There have been huge strides made in recent years when it comes to gender fluidity and the implementation of individual's preferred pronouns. One of Showtime's highest-rated and most popular current shows, Billions, features Asia Kate Dillon, who plays non-binary character Taylor Mason.
Younger's Nico Tortorella and their wife Bethany C. Meyers use "they / their" as their pronouns. And one of longest running reality TV series, RuPaul's Drag Race is another example of mainstream gender-bending entertainment.
What are RuPaul's preferred pronouns?
RuPaul is probably one of the biggest names synonymous with drag culture in the United States, if not the world. For many people, especially those with more "sheltered" upbringings (like myself) RuPaul was probably the first exposure they had to drag even existing.
But 12 full-length studio albums, and tons of seasons of Drag Race and its subsequent spinoffs, not to mention countless TV show and film appearances and RuPaul has not only managed to establish a heck of a career for himself, but has also helped to bring drag into the mainstream.
And although RuPaul is a drag icon, he also doesn't necessarily ask to be identified as his gender-bending persona.
He's written in his autobiography, which was published in 1995: "You can call me he. You can call me she. You can call me Regis and Kathie Lee; I don't care! Just as long as you call me." And although he doesn't have any preferred gender pronouns, he has updated the iconic catchphrase to start the Drag Race contest.
The old line used to be: "Gentleman, start your engines, and may the best woman win!" But RuPaul had the language updated in order to include trans and non-binary contestants, changing verbage to, "Racers, start your engines and may the best drag queen win!"
While it may not seem like a big update for some, the change resonated with fans of the series who applauded RuPaul's sensitivity to people's preferred pronouns.
Many stated that it was a huge show of RuPaul's own character for considering the feelings of others, especially because he doesn't necessarily have preferred pronouns himself.
This was after a 2018 interview he had with The Guardian about the idea of drag not being as "danger[ous]" when it's not men participating in the practice.

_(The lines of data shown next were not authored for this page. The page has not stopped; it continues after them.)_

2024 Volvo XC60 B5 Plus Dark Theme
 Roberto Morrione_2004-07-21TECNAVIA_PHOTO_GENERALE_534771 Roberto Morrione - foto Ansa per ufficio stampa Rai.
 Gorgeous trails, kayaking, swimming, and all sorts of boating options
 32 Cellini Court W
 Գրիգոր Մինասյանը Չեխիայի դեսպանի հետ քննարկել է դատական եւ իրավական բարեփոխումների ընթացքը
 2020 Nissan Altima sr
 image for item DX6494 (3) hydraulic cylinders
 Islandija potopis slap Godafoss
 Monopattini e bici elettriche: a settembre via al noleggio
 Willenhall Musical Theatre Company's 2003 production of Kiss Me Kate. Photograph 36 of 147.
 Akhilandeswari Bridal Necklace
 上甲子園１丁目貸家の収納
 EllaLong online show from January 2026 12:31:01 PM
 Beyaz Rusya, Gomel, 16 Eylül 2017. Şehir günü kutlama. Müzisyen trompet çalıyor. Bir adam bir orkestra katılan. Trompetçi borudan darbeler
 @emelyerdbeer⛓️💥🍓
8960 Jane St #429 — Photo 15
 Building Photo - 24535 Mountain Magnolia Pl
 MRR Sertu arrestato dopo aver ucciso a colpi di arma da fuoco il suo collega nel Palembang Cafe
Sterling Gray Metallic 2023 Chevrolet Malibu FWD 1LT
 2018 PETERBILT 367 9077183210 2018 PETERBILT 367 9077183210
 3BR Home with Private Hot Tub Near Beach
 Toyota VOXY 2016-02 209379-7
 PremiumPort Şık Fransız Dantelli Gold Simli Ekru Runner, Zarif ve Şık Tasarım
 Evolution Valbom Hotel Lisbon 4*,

"Drag loses its sense of danger and its sense of irony once it’s not men doing it, because at its core it’s a social statement and a big f-you to male-dominated culture. So for men to do it, it’s really punk rock, because it’s a real rejection of masculinity."
RuPaul apologized for the comments and has made strides to make Drag Race a more inclusive program.
When does the new season of RuPaul's 'Drag Race' come on, and what time does it start?
The show is currently in its 13th season and new episodes air every Friday at 8 p.m. ET on VH1. Will you be tuning in? Or do you like to "Sissy That Walk" yourself and don't need to watch others do it?